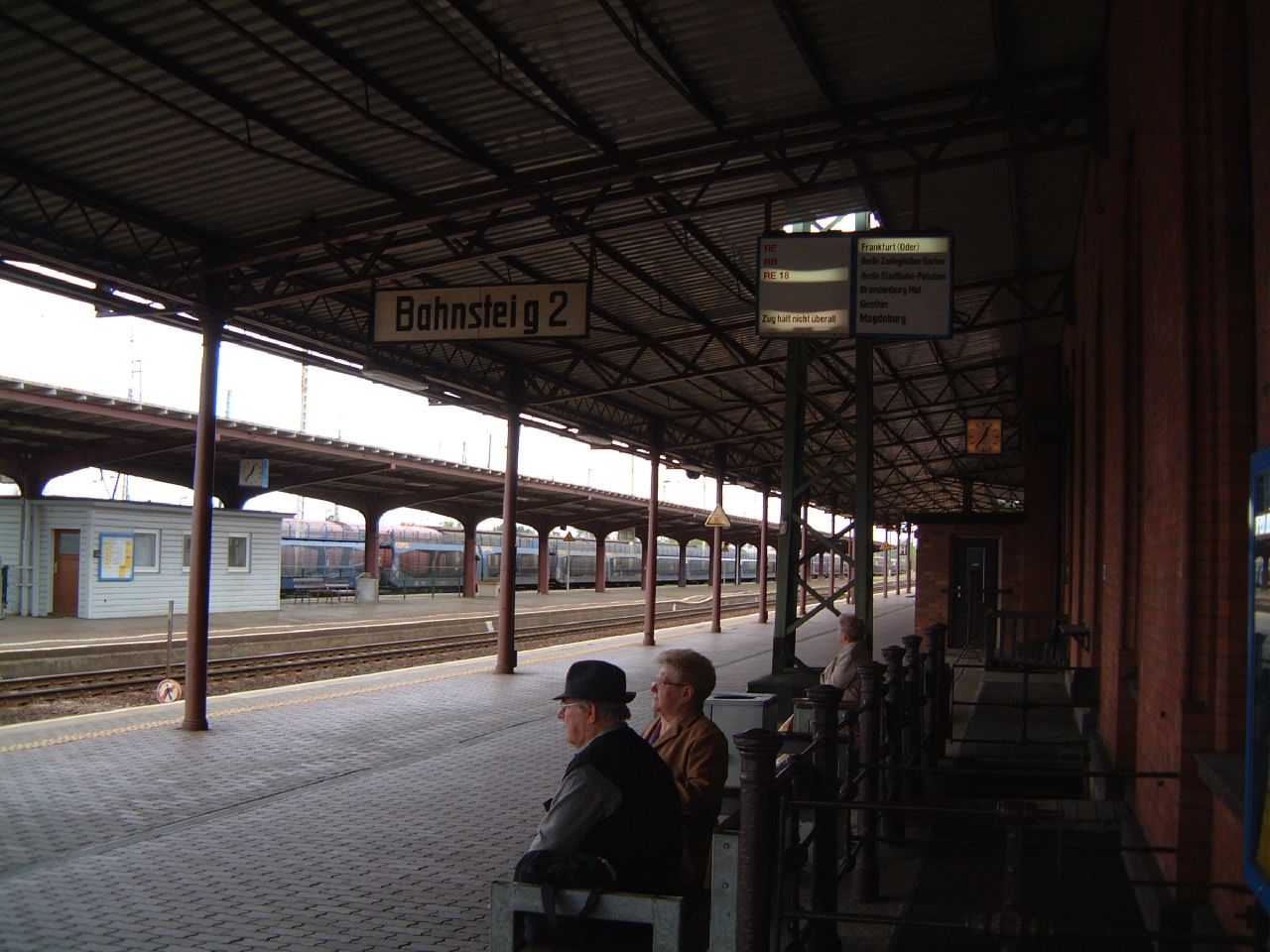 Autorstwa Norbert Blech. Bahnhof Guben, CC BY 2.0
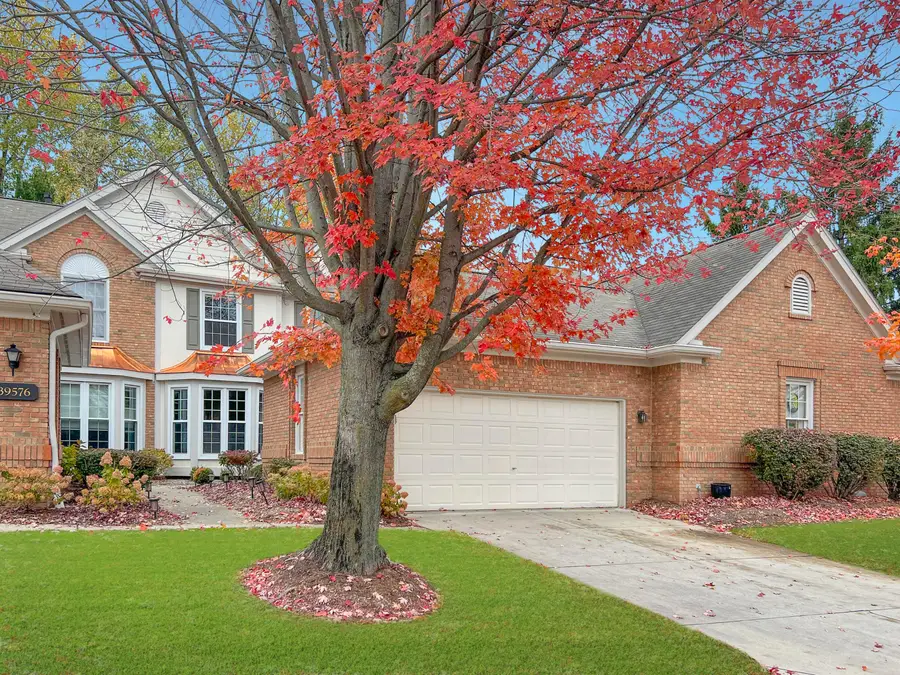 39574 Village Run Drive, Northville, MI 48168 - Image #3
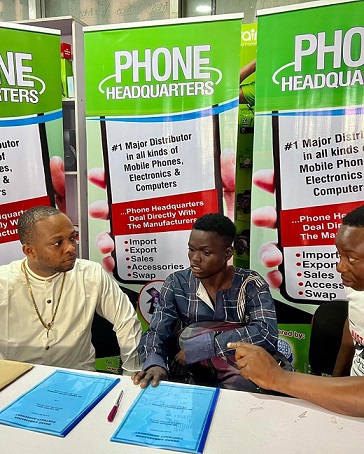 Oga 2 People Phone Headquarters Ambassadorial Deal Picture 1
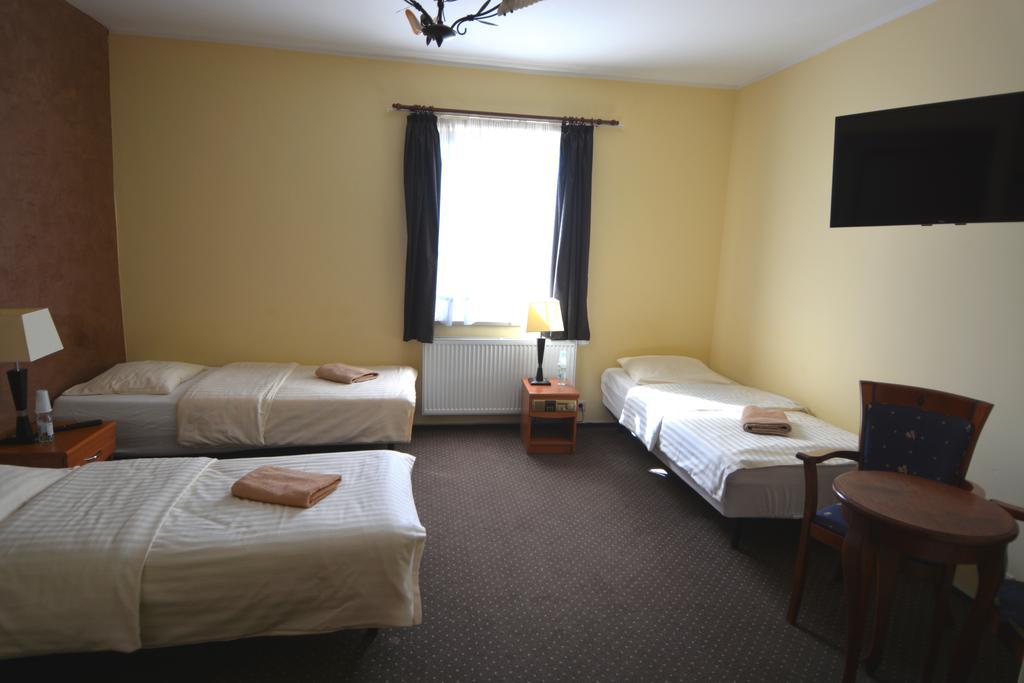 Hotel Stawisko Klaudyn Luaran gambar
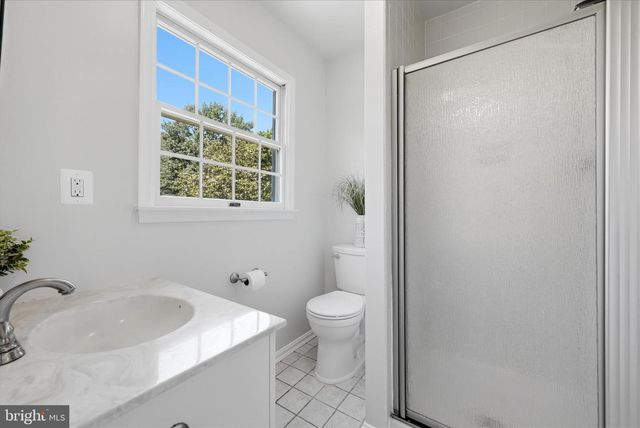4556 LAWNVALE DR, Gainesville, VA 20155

> [WORK INSTRUCTIONS]: Write the listing above out again exactly, dropping each image.

> [EXPECTED OUTPUT]:
 Autorstwa Norbert Blech. Bahnhof Guben, CC BY 2.0
 39574 Village Run Drive, Northville, MI 48168 - Image #3
 Oga 2 People Phone Headquarters Ambassadorial Deal Picture 1
 Hotel Stawisko Klaudyn Luaran gambar
4556 LAWNVALE DR, Gainesville, VA 20155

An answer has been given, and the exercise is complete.